Das Märchen vom bösen Sultan
Philip Malzahn über die Umwidmung der Hagia Sophia in Istanbul
Die Wellen, die die Umfunktionierung der ehemaligen Kirche und des Museums Hagia Sophia in eine Moschee schlägt, offenbaren mehr über das Denken in angeblich aufgeklärten Ländern wie Deutschland als über den türkischen Präsidenten Recep Tayyip Erdoğan. Die »Zeit« spricht von einem »Schritt 567 Jahre zurück«, auch die Taz reduziert Erdoğans Motivation auf einen »symbolischen Sieg über die Christen«.
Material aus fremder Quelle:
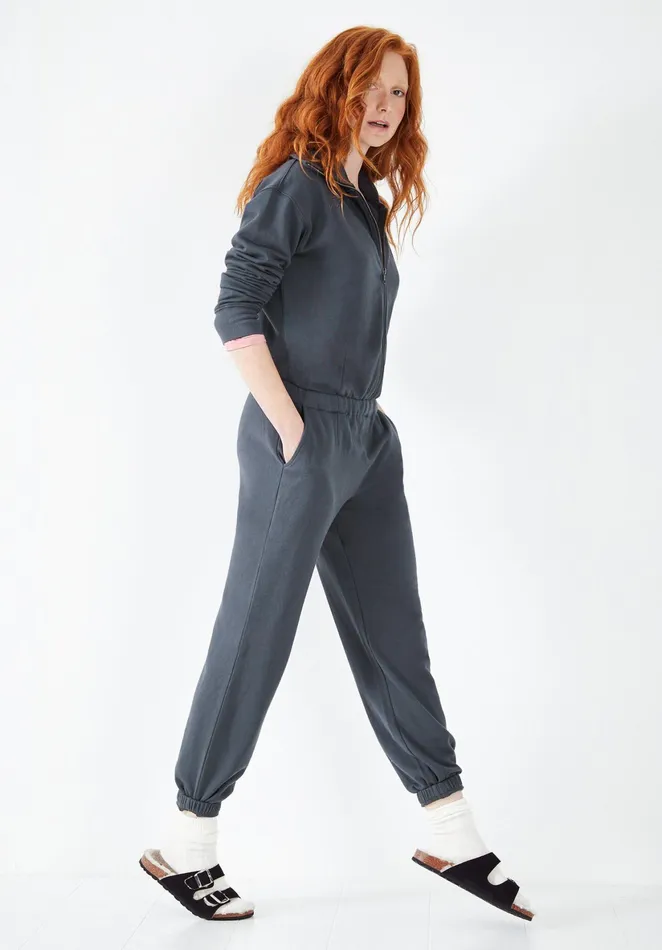 Jumpsuits and Playsuits Women Hush Oasis High Neck Jumpsuit Ebony
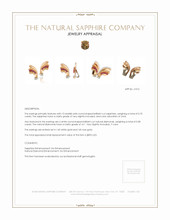 0.70&nbsp;Ct.Tw.Total Carat Weight Reddish Pink Sapphire and Natural Diamond Antique Style Earrings, 14K White & Rose Appraisal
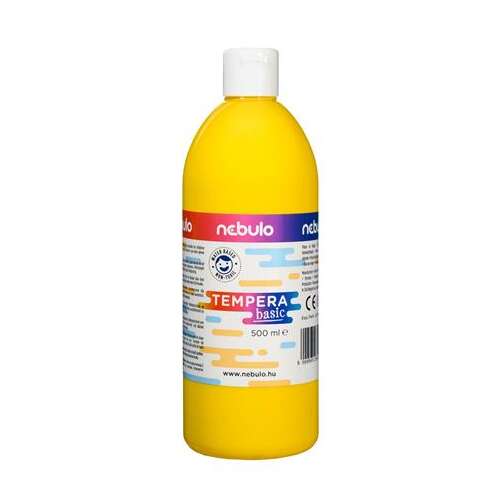 Nebulo Tempera Basic Žltá Farba, 500 ml
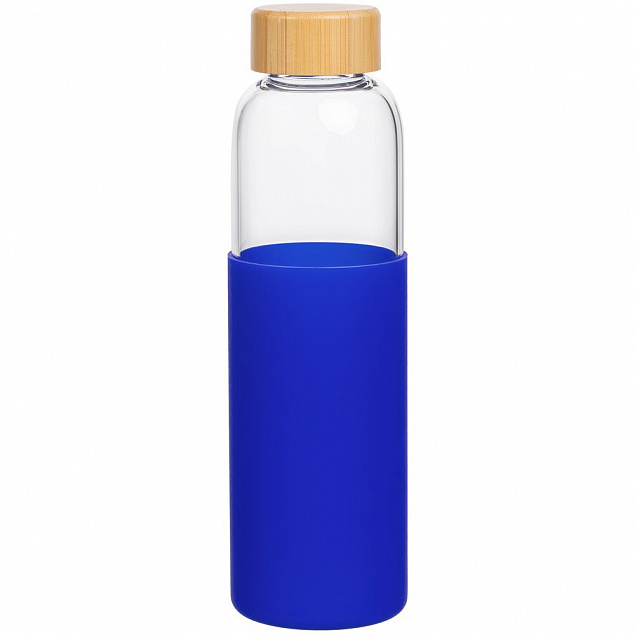 Бутылка для воды Onflow, синяя с логотипом  заказать по выгодной цене в кибермаркете AvroraStore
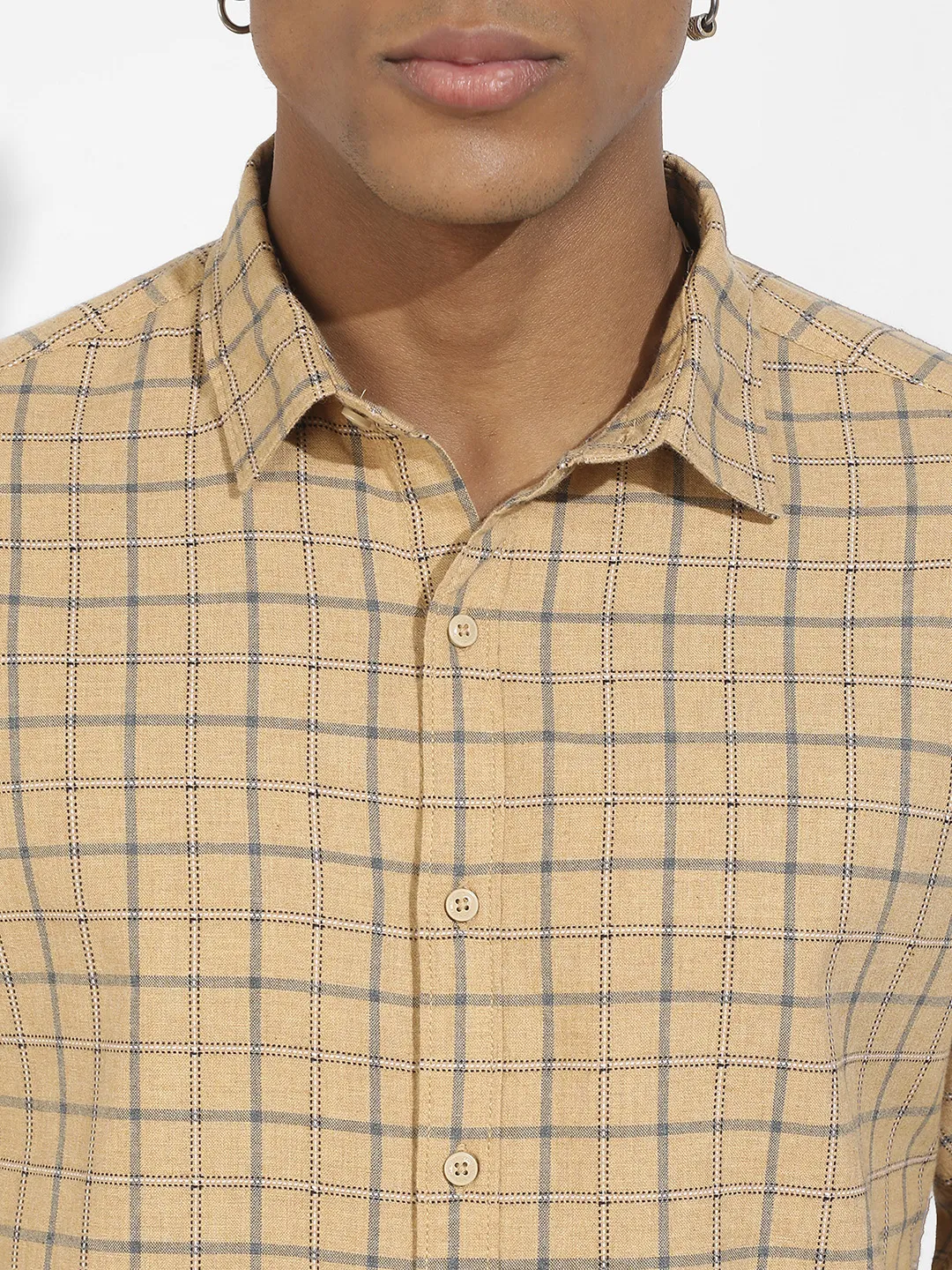Contrast Tartan Plaid Shirt - Image 7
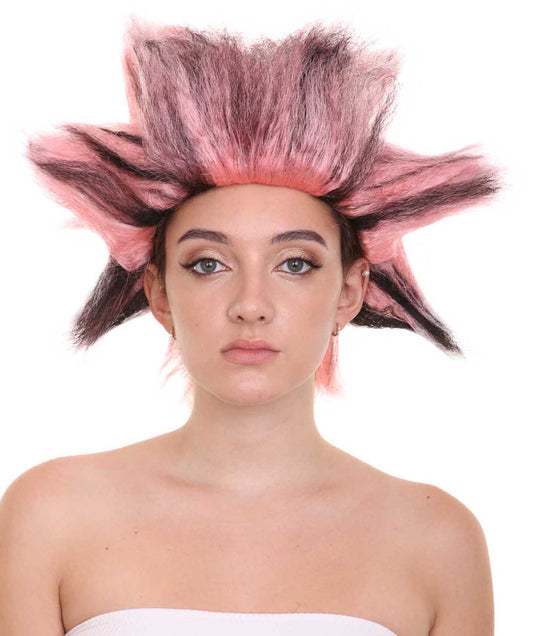 HPO Womens  Animal Musical Wig | Pink & Black Animal Wigs | Premium Breathable Capless Cap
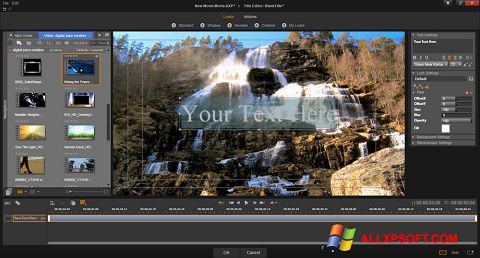 Skärmdump Pinnacle Studio för Windows XP
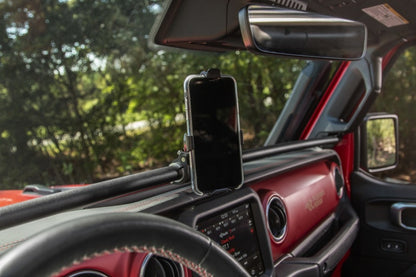 Rugged Ridge Dash Bar for Jeep Wrangler and Gladiator (2007-2026) - Black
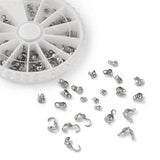 304 Stainless Steel Crimp Bead Tips for Jewelry Making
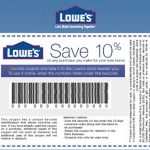 Coupons: Five (5X) Lowes 10% Off Printable Coupons   Exp 5/31/17   Free Printable Lowes Coupon 2014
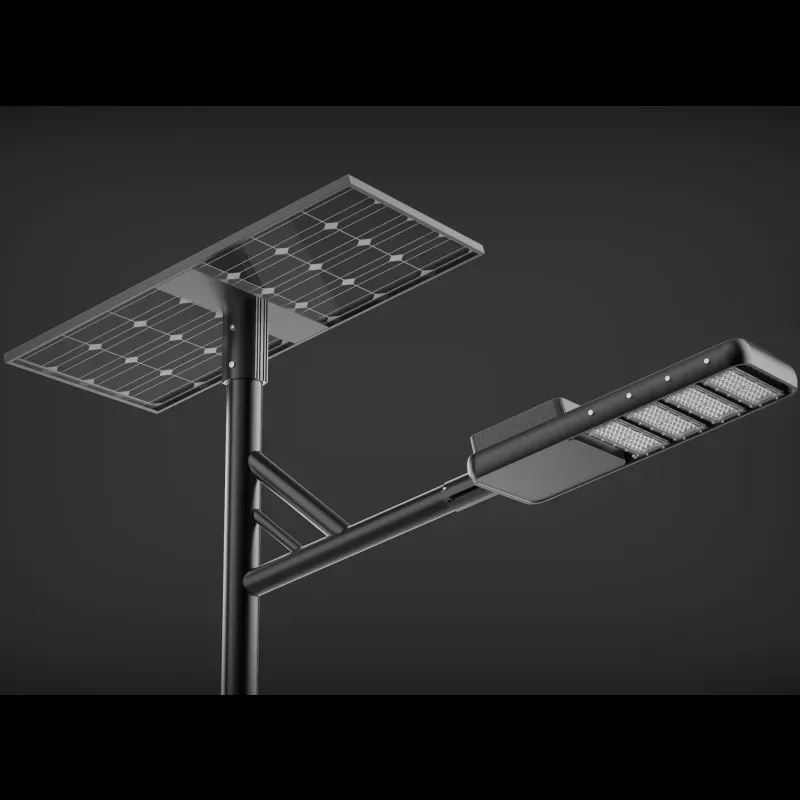 Solar-Powered LED Street Light 80W 170lm/W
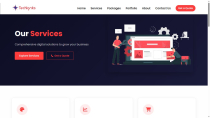 Modern Agency Portfolio HTML Template Screenshot 8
Wer so spricht, verkennt Erdoğans Ethno-Islamismus und das, was dahinter steht. Es ist eine radikale, aber hochmoderne und minutiös durchdachte Strategie - die nur funktioniert, weil auch die »westliche Welt« im 21. Jahrhundert bereitwillig die Rolle des Gegenspielers einnimmt, indem man unreflektiert das Narrativ von »Orient« gegen »Okzident«, von »Christen« gegen »Muslime«, von »Gut« gegen »Böse« aufgreift. Wenn der Fall Hagia Sophia aus deutscher Sicht irgend etwas sein sollte, dann ein Anlass, darüber nachzudenken, warum die Umfunktionierung eines alten Gebäudes für mehr Aufruhr sorgt als Erdoğans Feldzüge im Südosten der Türkei, in Syrien, Libyen und im Nordirak. Wer sich dabei auf das Märchen vom bösen Sultan bezieht, verkennt die Intelligenz eines Recep Tayyip Erdoğan. Und damit auch die Gefahr, die von ihm ausgeht.